Maike zufolge seien seine Auftritte in den Spielen in Ordnung gewesen, er habe sich wohl im Training nicht beweisen können, ihm fehle noch die Konstanz, was angesichts seines Alters aber auch keine Überraschung sei. Mitte November zog sich Massimo eine Sprunggelenksverletzung zu und hat seither deshalb kein weiteres Spiel mehr für die Arminia gemacht. Trainer Jeff Saibene, unter dem er sein Profidebüt feierte, wurde angesichts der prekären Tabellensituation der Arminia, die auf Platz 14 überwintert, durch Uwe Neuhaus ersetzt. Es wird interessant sein zu sehen, ob Massimo unter ihm mehr Einsatzzeit bekommt, Maike zufolge bevorzuge er ein anderes System. Es ist also noch vieles unklar, zumal Neuhaus die Mannschaft erst in zwei Spielen betreute.

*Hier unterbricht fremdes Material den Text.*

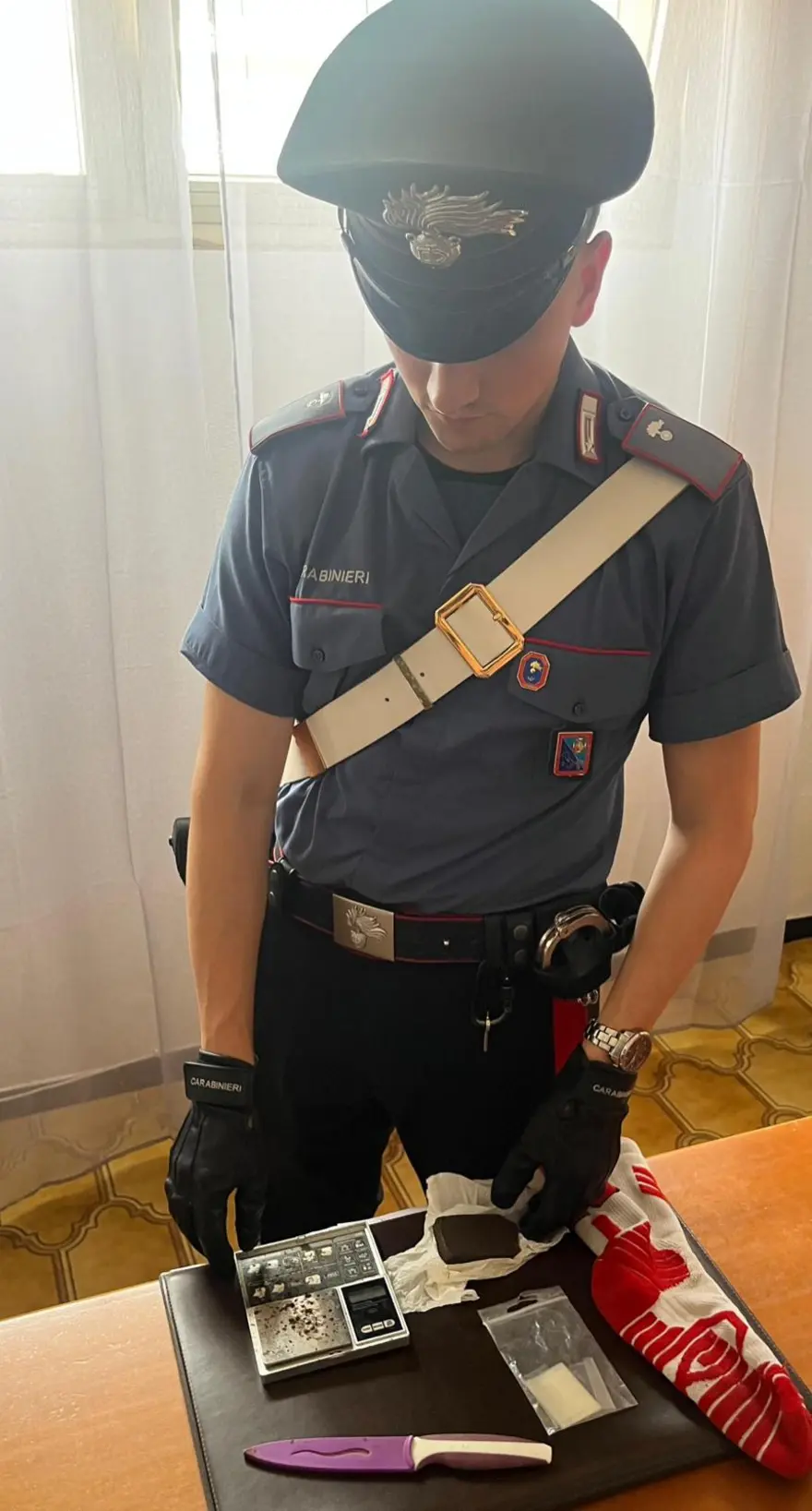 Arrestato 21enne ad Ardea con 84 grammi di hashish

Massimo bereits im Sommer nach Stuttgart zu holen, ist sicherlich aktuell keine gute Idee, das sieht auch Maike so. Stattdessen sollte er sich lieber in Bielefeld noch wenig entwickeln und mehr Spielpraxis sammeln. Er wird auch im Oktober erst 19 Jahre alt und hat dementsprechend noch genug Zeit, sich im Anschluss an seine Zeit in Bielefeld in Stuttgart durchzusetzen. Es ist das erste Mal seit langem, dass der VfB zu einem solchen Vertragskonstrukt greift, Roberto Massimo ist und bleibt zunächst ein Versprechen für die Zukunft. Uns bleibt nichts weiter übrig als abzuwarten, wie er sich in den kommenden eineinhalb Jahren in Bielefeld entwickelt und der Arminia die Daumen zu drücken, dass sie die Klasse hält. Ein Abstieg seines Vereins in die Dritte Liga wäre wohl für alle Parteien der Worst Case, dann bliebe dem VfB nur, ihn zu einem anderen Zweitligisten zu verleihen. Werden wir Massimo irgendwann ab 2020 im Brustring in der Bundesliga auflaufen sehen? Ich kann es aktuell nicht mit Bestimmtheit sagen, dafür gibt es momentan einfach noch zu viele Ungewissheiten.
Class of 2018/19
Vor einem Jahr habe ich an dieser Stelle über die Sinnhaftigkeit von Leihgeschäften philosophiert. Uns VfB-Fans stellt sich diese Frage auch angesichts der bisherigen Winterneuzugänge Alexander Esswein und Steven Zuber. Anders als in der vergangenen Saison hat das Verleihen der in diesem Artikel genannten Spieler aber ganz unterschiedliche Zielsetzungen. Bei Ofori, Ailton und Grgic geht es scheinbar vor allem darum, durch die Leihe neue Vereine für die drei Spieler zu finden, während Mangala und Kaminski eher Spielpraxis sammeln sollten, mit der sie dem VfB in Zukunft helfen können. Ein Sonderfall ist wie eben erwähnt Roberto Massimo. Im Fall der drei erstgenannten Akteure bleibt zu hoffen, dass der Plan aufgeht und sie nicht wie beispielsweise Jan Kliment beim VfB komplett auf dem Abstellgleis landen und am Ende sogar eine teure Vertragsauflösung das Resultat ist. Ziel der Transferpolitik sollte es weiterhin sein, Spieler nur strategisch sinnvoll oder zumindest aussichtsreich auszuleihen. In einem Jahr, bei der nächsten Auflage dieses Artikels, wissen wir vielleicht schon mehr.